Herrscht an der griechisch-türkischen Grenze ein rechtlicher Ausnahmezustand, der Menschenrechte und rechtsstaatliche Gewährleistungen außer Kraft setzen kann? Die Antwort ist klar: Nein. Die Zustände an der griechisch-türkischen Grenze und auf den Inseln in der nordöstlichen Ägäis sind keine humanitäre Katastrophe, die vom Himmel gefallen ist. Gewalt, pushbacks, Internierungen und elende Zustände in völlig überfüllten Lagern sind menschen- und staatsgemachte Verletzungen fundamentaler Rechte, die durch nichts gerechtfertigt sind.
Aussetzung des Asylrechts
Die Aussetzung des Asylrechts durch die griechische Regierung bedeutet konkret, dass eingereiste Personen von der Grenze aus ohne eine Registrierung direkt in die Türkei abgeschoben werden sollen. Laut der Begründung im griechischen Gesetzesblatt wird diese zunächst für einen Monat befristete Maßnahme mit „besonderen und unvorhergesehenen Ereignissen“ gerechtfertigt, die die Sicherheit des Landes gefährdeten. Das ist schon rein zahlenmäßig eine Dramatisierung, als dass sich nach Schätzungen des UN-Flüchtlingshilfswerks derzeit gerade einmal 13.000 Menschen im Grenzgebiet befinden.

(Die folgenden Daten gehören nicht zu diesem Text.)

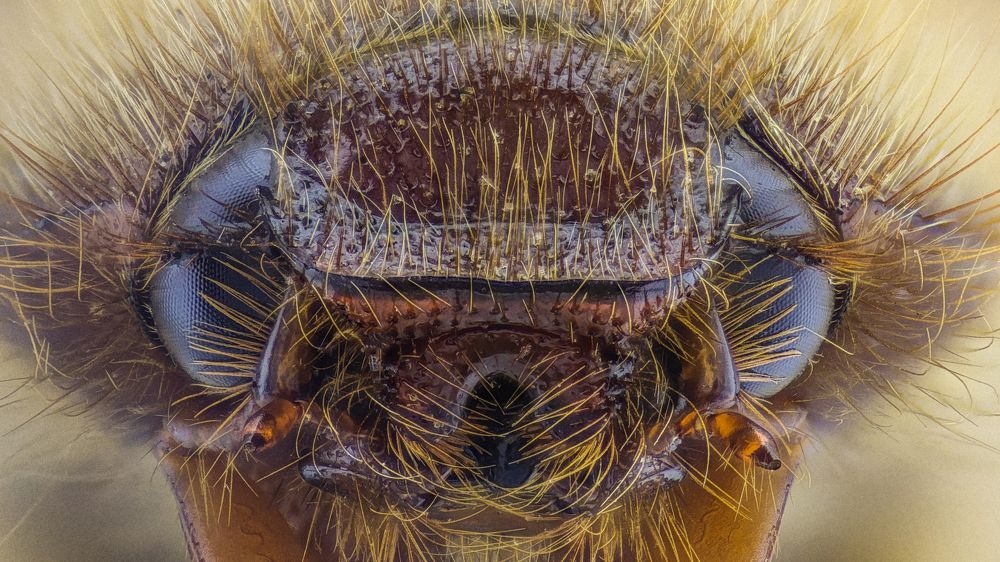 Photograph by Tsvetan Ganev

Vor allem ist eine Aussetzung rechtlich nicht zulässig: Sowohl die Genfer Flüchtlingskonvention (GFK) in Art. 33 als auch die Europäische Menschenrechtskonvention (EMRK) in Art. 3 formulieren nach einhelliger und unumstrittener Lesart ein Zurückweisungsverbot, soweit eine politische Verfolgung oder eine unmenschliche oder erniedrigende Behandlung drohen. Diese sogenannten refoulement-Verbote beinhalten ein implizites Verfahrensrecht, um den Schutzbedarf prüfen zu können, verbunden mit dem Recht, bis zu einer Entscheidung im Land verbleiben zu können. Entsprechendes gilt nach Art. 4 und Art. 18 der EU-Grundrechtecharta.
Diese Rechte werden im Unionsrecht konkretisiert durch die Asylverfahrensrichtlinie: Diese Richtlinie gilt für alle Personen, die explizit oder implizit im Hoheitsgebiet eines Staates einschließlich der Grenze und der Hoheitsgewässer (Art. 3 Abs. 1) einen Schutzantrag stellen, und sie verlangt ein ordentliches Verfahren mitsamt einer umfassenden Anhörung zu den Schutzgründen.
Für den örtlichen Anwendungsbereich des refoulements-Verbotes aus der EMRK hat der EGMR überdies in der Hirsi-Entscheidung von 2012 entschieden, dass dieses auch außerhalb des Territoriums gilt, wenn staatliche Behörden eine effektive Kontrolle, also unmittelbare staatliche Gewalt anwenden.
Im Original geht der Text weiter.